How could a tiny country become global news for reasons so disconnected from the reality on the ground?
How could a local protest involving a few thousand people be transformed into an international spectacle?
How could assumptions become facts, narratives become verdicts, and speculation become accepted truth before the basic facts were even established?
And perhaps most importantly, what does it say about our information ecosystem when perception can travel around the world faster than reality itself?
Because the reality is that there is no project yet.
There is no building permit yet.
There is no construction yet.
There is not even a final design yet.
There is only a vision and a plan: to transform Albania into the most attractive high-end tourism destination in this part of the world, while creating a net positive environmental development that, according to the current vision, would ultimately result in approximately 25% more trees and green space than exists today, alongside measurable improvements across multiple biodiversity indicators.
The ambition is not merely to build.
The ambition is to demonstrate that development and environmental enhancement can go hand in hand.
That is precisely why some of the world’s leading experts in ecology, biodiversity, landscape architecture, environmental engineering and sustainable tourism are working on these concepts and parameters.
Whether they succeed or fail is a matter for future assessment, science, public scrutiny and transparent debate.
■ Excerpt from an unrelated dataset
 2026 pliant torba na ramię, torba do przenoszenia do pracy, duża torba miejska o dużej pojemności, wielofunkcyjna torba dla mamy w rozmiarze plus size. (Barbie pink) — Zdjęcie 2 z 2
But presenting as an environmental catastrophe something that does not yet exist, has not yet been designed, has not yet been permitted, and whose stated objective is in fact to produce positive environmental outcomes, is not a serious contribution to public discussion.
And yet, from this simple reality emerged a hurricane of digital hysteria, apocalyptic headlines, manufactured outrage and sweeping conclusions presented as established facts.
Along the way came deepfakes, manipulated images, fabricated claims, coordinated amplification, anonymous networks and online behaviour that bears many of the characteristics of the hybrid information warfare that increasingly shapes public debate across democratic societies.
Even more remarkably, social media platforms recorded an explosion in activity around this topic, with Albanian-language engagement increasing several-fold within just a few days. A significant part of this sudden surge appears to have been driven not by an organic expansion of public participation, but by the rapid proliferation of newly created profiles, anonymous accounts and pages with little or no identifiable history, raising legitimate questions about artificial amplification and the manufacturing of digital momentum.